Il deputato repubblicano statale del Texas, Matt Krause, sembra citare una motivazione simile per quella che è la sua ampiamente discussa iniziativa politica: la richiesta alle scuole dello Stato se siano in possesso di 850 libri presenti nella lista da lui compilata, e quanto abbiano speso per procurarseli. I libri appartengono a quattro categorie principali: parità di genere e femminismo, tematiche razziali (in particolare sul movimento Black Lives Matter e la questione latino-americana), tematiche legate all’omosessualità e sessualità degli adolescenti, con vari titoli sulla contraccezione e l’aborto.
Nonostante Krause non abbia ufficialmente annunciato quali siano i prossimi passi della sua azione – se procedere con un formale atto di censura o meno – la volontà politica dietro questo gesto è abbastanza chiara: il posizionamento culturale di un rappresentante locale che ha un probabile interesse a collocarsi a livello nazionale nella corsa alle primarie repubblicane del Texas.
Negli Stati Uniti, casi del genere di censura dei libri non sono così poco frequenti: basti pensare al famosissimo Buio oltre la siepe di Harper Lee, censurato svariate volte dalla sua prima uscita nel 1960; quello che è interessante di questa iniziativa è il clima sotterraneo in cui si inserisce, di certo non esclusivo al Partito Repubblicano. Nel 2021 il sovracitato romanzo di Harper Lee è stato infatti rimosso dal distretto scolastico di Burbank, California per il suo punto di vista «da salvatore bianco» e l’uso di epiteti razziali. La stessa sorte è toccata a Uomini e topi di John Steinbeck.
L’incomunicabilità delle parti sociali che compongono l’America contemporanea è racchiusa in questo ricorso alla censura, che cambia semplicemente in base alle tematiche care al sentiment delle diverse aree del Paese: gli Stati repubblicani colpiscono libri che affrontano le questioni razziali o la parità di genere; gli Stati democratici censurano libri che fanno parte del canone culturale americano, ma riflettono l’esistenza passata di una società organizzata su base razziale. Per questo Il Buio oltre la siepe si trova perfettamente equidistante e disprezzato da entrambe le parti: troppo duro con la società bianca americana, ma allo stesso tempo troppo lontano dal sentimento comune dei progressisti di oggi.

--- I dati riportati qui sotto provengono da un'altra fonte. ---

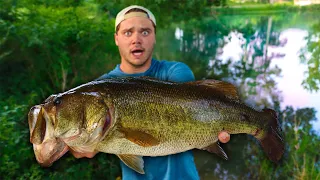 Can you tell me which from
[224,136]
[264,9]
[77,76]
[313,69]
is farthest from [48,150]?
[264,9]

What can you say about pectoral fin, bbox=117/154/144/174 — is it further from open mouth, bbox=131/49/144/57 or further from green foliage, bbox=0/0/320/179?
green foliage, bbox=0/0/320/179

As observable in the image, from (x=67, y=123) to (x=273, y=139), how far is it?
1.15 meters

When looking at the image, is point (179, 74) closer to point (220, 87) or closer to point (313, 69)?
point (220, 87)

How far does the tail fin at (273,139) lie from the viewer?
1857 mm

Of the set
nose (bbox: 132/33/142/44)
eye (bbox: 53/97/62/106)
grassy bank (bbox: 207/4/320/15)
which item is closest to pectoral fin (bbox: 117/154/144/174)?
eye (bbox: 53/97/62/106)

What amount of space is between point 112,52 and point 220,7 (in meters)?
3.28

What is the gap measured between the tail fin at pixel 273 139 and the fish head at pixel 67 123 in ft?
2.99

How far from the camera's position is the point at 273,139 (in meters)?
1.87

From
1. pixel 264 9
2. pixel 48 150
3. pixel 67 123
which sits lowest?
pixel 48 150

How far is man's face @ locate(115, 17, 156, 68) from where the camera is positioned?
1.93m

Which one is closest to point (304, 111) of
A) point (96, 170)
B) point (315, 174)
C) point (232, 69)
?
point (232, 69)

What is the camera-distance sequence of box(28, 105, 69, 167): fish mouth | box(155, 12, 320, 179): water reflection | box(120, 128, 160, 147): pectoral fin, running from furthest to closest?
box(155, 12, 320, 179): water reflection, box(120, 128, 160, 147): pectoral fin, box(28, 105, 69, 167): fish mouth

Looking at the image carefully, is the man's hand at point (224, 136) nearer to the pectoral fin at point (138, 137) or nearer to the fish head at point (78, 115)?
the pectoral fin at point (138, 137)

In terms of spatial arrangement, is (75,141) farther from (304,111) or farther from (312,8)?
(312,8)
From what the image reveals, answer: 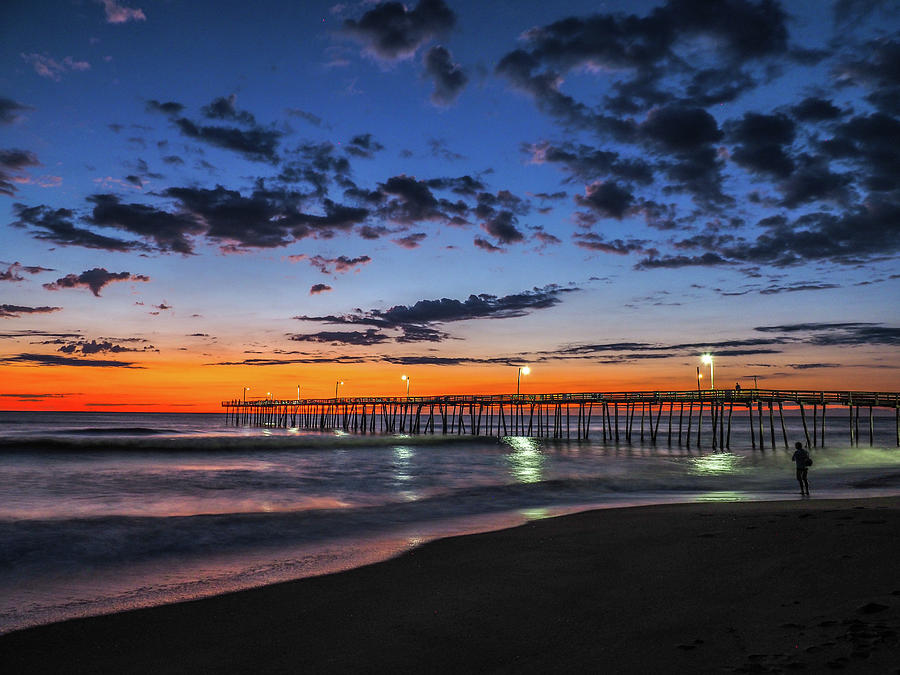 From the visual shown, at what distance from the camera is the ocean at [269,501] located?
870cm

Un altro esempio è l’uso del termine critical race theory, che ha infiammato una delle ultime elezioni in Virginia e portato all’elezione di un candidato repubblicano in un distretto tradizionalmente democratico: si tratta di una locuzione che ha perso il suo significato originale, ma è diventata utilizzabile da repubblicani e democratici per posizionarsi culturalmente con il proprio elettorato di riferimento e guadagnare consensi.

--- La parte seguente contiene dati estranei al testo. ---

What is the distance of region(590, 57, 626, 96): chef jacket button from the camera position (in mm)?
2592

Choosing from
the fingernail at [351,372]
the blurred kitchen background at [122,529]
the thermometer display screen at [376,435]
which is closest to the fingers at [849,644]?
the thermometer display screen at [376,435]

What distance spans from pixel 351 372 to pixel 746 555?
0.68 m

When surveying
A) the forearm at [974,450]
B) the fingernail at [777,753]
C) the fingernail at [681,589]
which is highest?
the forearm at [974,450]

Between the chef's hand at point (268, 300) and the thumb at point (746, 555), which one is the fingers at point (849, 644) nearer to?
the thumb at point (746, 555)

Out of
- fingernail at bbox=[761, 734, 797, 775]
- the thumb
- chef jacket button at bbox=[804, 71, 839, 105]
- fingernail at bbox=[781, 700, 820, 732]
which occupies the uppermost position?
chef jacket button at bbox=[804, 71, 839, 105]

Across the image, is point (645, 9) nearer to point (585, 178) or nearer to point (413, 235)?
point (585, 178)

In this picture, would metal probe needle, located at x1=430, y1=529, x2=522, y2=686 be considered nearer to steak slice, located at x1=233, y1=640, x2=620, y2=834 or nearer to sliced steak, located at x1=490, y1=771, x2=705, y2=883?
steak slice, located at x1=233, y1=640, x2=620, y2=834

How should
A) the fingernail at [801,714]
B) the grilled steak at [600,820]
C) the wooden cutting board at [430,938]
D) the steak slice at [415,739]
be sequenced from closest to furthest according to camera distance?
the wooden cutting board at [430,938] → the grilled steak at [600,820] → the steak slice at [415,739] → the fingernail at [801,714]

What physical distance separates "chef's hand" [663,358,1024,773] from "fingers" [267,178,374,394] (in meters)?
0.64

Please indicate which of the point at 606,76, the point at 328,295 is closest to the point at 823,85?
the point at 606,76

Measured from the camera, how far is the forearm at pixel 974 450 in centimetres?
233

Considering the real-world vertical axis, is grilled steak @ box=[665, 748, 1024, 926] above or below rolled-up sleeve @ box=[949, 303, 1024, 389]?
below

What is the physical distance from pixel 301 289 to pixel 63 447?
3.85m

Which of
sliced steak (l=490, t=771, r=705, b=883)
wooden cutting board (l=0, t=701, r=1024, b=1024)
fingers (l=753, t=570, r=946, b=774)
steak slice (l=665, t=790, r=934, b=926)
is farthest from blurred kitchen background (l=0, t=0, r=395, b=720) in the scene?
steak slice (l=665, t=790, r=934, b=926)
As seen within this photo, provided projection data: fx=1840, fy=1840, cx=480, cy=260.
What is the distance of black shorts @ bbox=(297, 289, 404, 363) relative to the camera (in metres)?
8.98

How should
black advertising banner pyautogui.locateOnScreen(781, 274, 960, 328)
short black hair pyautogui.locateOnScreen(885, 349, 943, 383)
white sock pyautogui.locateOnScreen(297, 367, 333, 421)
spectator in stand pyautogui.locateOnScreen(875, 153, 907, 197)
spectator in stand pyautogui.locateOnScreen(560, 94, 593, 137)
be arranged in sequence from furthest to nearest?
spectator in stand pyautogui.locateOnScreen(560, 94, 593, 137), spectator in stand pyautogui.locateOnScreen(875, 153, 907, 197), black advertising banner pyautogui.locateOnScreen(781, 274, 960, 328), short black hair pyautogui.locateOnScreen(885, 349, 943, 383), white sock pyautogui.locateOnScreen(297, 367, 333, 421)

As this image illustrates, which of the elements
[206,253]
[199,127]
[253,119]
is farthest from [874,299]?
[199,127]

La guerra civile citata all’inizio è già combattuta a livello culturale e mediatico da entrambe le fazioni, ormai radicalizzate su posizioni non più oggetto di discussione, ma considerate come dogmi a cui fare affidamento e le cui critiche vanno eliminate a qualunque costo. Diversamente da quanto osservato da molti commentatori politici, però, la radicalizzazione dell’America contemporanea ha più di tutto portato a un’eliminazione del dibattito politico classico e al continuo tentativo del disinnescamento del conflitto, in una tensione verso la società anestetizzata descritta da Bradbury: tuttavia, il conflitto sommerso tende però ad emergere con sprazzi di violenza disorganizzata e sempre più crudele, perché viene reso sempre più difficile un confronto con altri mezzi all’interno della società.